MS、クロスライセンスを積極展開へ
「特許非係争条項は時代錯誤になっていた」──米MSの知財担当幹部はこう話し、今後はクロスライセンスで他社との信頼関係を築いていく考えだ。日本の大手企業とも交渉が進んでいるという。
米Microsoftの知的財産担当副社長・マーシャル・フェルプス氏が9月8日、都内で会見した。公正取引委員会が排除勧告したWindowsの特許非係争条項(NAP)について、「まだMicrosoftが小さかったころの条項であり、時代錯誤になってきた。変化に対応していかなければならない」と削除した理由を説明。今後は日本企業を含む他社とのクロスライセンス契約を積極化していく姿勢だ。

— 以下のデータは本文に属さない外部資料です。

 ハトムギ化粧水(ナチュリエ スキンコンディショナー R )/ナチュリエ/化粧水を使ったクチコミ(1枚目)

フェルプス氏は「NAPを導入した1990年代前半、Microsoftはまだ特許をあまり持っていなかったが、今は特許ポートフォリオを持っている。大企業となったMicrosoftには良い条項とはいえない」と述べた。NAPは2004年2月に削除を告知し、今年8月からのOEM直接契約には含まれていない。
同社は2003年から、知的財産について他社に開放する方針に転換。Windowsソースコードを各国の大学などに開示しているほか、今年4月末には東芝と包括的なクロスライセンス契約を結んだ(関連記事参照)。

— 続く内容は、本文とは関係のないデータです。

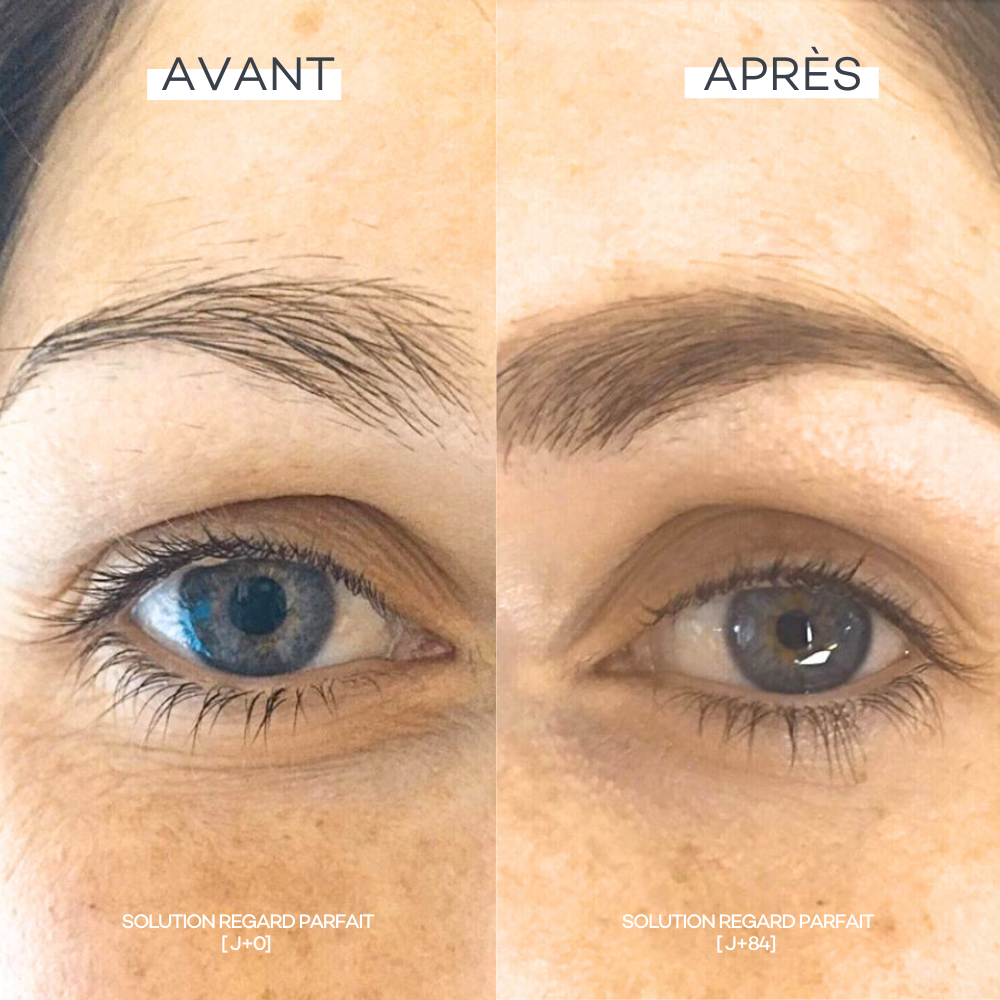 Perfect Eye Contour Solution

フェルプス氏の今回の来日も「日本企業3〜4社と話し合っている。技術力のある非常に大きな企業だ」と、エレクトロニクス系と見られる大企業とのライセンス交渉が目的の1つだと明かした。
フェルプス氏によれば、クロスライセンスは知的財産の相互利用という面だけではなく、パートナー企業とMicrosoftとの「インタフェース」でもある。「信頼関係を構築するためのインタフェースだ。信頼の醸成には2〜3年はかかる。Microsoftはこうしたことに歴史が浅く、信頼してもらうことが必要だ」(フェルプス氏)
知的財産権保護の強化も継続する。ソフトウェア特許をめぐっては、オープンソース陣営を中心に「ソフトは著作権による保護で十分」と反対の声も強い。こうした主張をフェルプス氏は「商業活動をしている企業には受け入れられない考え方」と否定する。
「開発の成果を享受できる環境が必要であり、知的財産保護は開発のインセンティブでもある。IBMの特許を利用することでMicrosoftやApple、Ciscoなどが成長してきたように、強力な知的財産保護によって小さな企業も成長できる」(フェルプス氏)。
オープンソース自体については「競争はいいことだ。Microsoftも競争によって前進できる」としたが、ソフトウェア特許に関しては相容れないようだ。